Dataset content: Begin

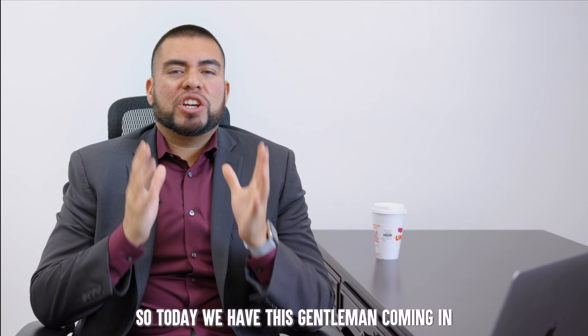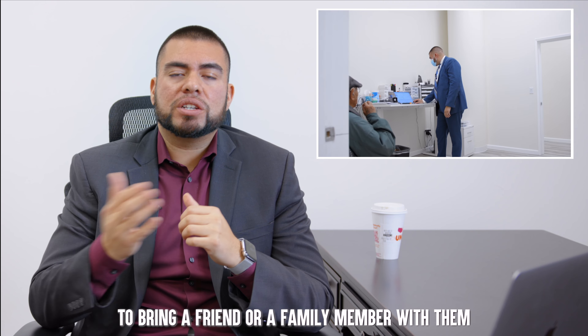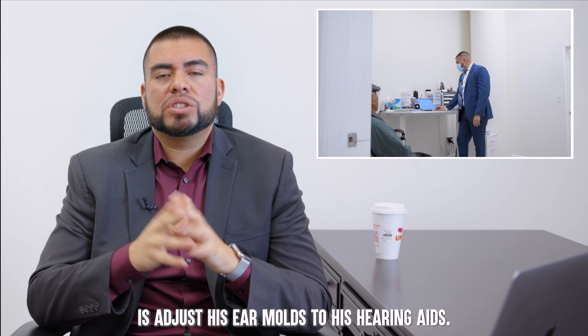Today we have this gentleman coming in for his hearing aid fitting and he brought his wife along, which is always great. I always recommend to my patients to bring a friend or a family member to help with the counseling. The first thing we're going to do is adjust his ear molds to his hearing aids.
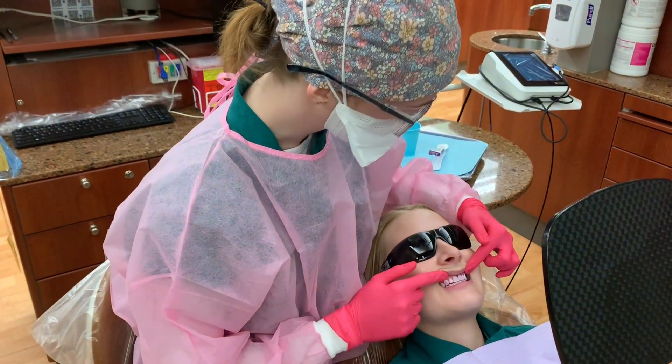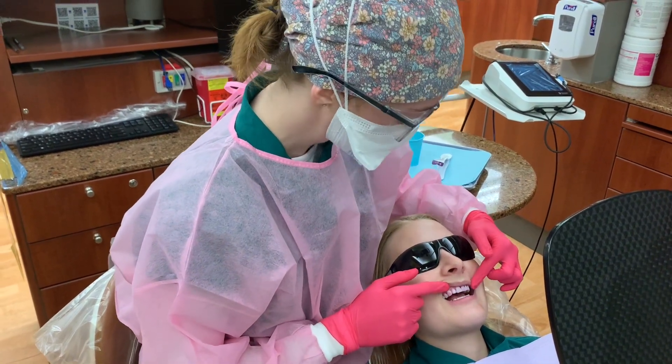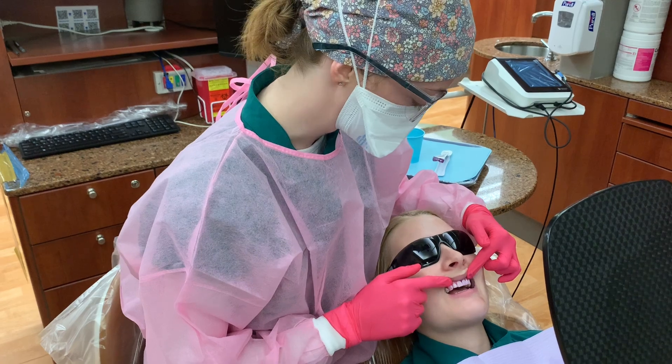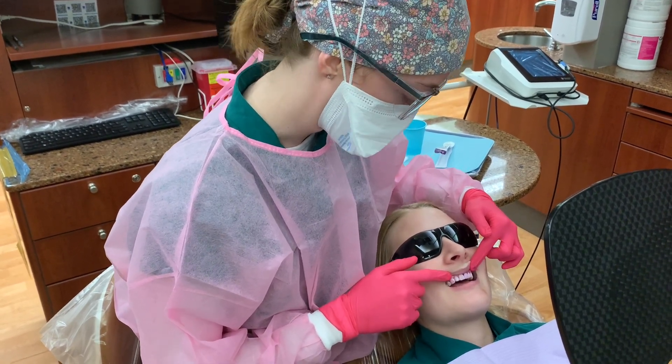The last color we're going to talk about is this light blue color that you can see. This represents acidic bacteria that sit on your teeth and can cause destruction and lead to cavities.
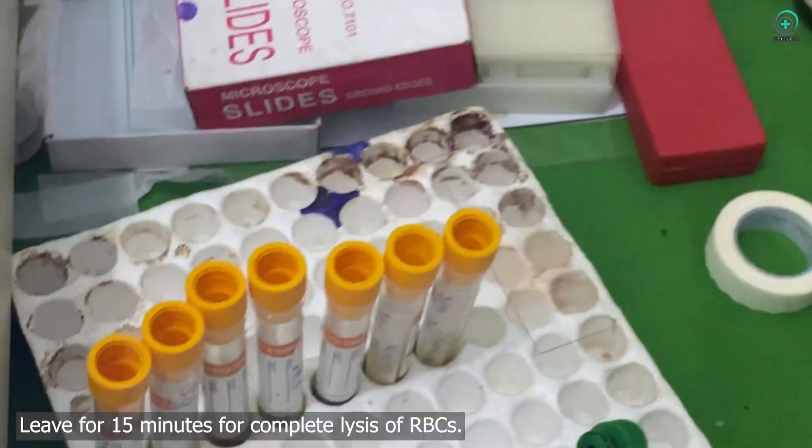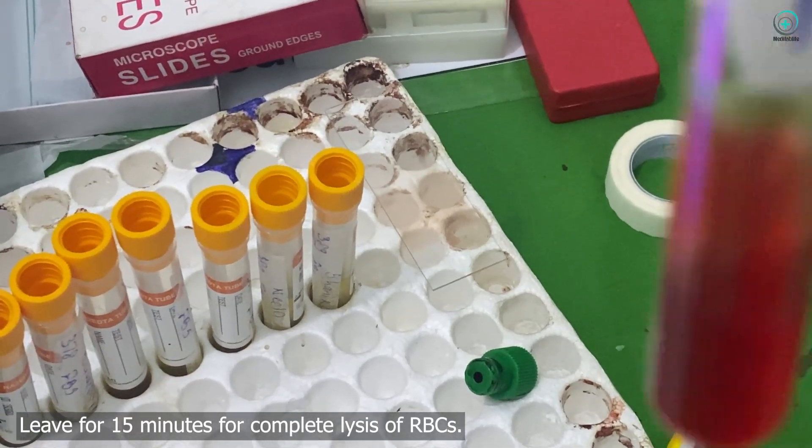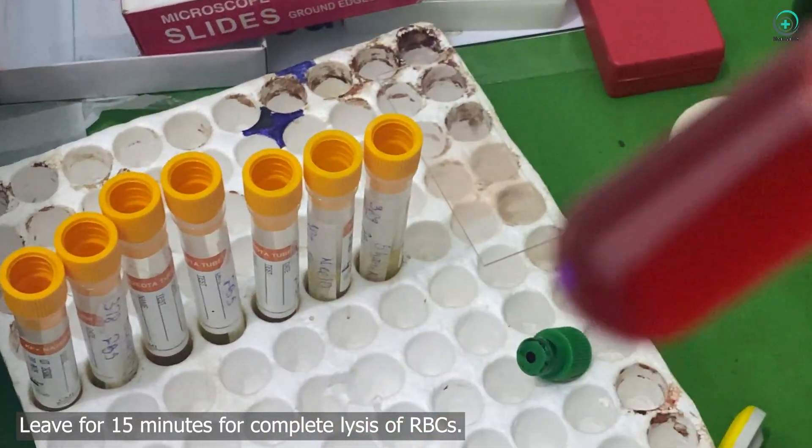Step 3: Waiting for lysis. Now, we let the sample sit for 15 minutes to ensure complete lysis of the red blood cells.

Dataset content: End

■ Brief: Please copy the data shown above precisely, leaving the images out.

■ Task output:
Today we have this gentleman coming in for his hearing aid fitting and he brought his wife along, which is always great. I always recommend to my patients to bring a friend or a family member to help with the counseling. The first thing we're going to do is adjust his ear molds to his hearing aids.
The last color we're going to talk about is this light blue color that you can see. This represents acidic bacteria that sit on your teeth and can cause destruction and lead to cavities.
Step 3: Waiting for lysis. Now, we let the sample sit for 15 minutes to ensure complete lysis of the red blood cells.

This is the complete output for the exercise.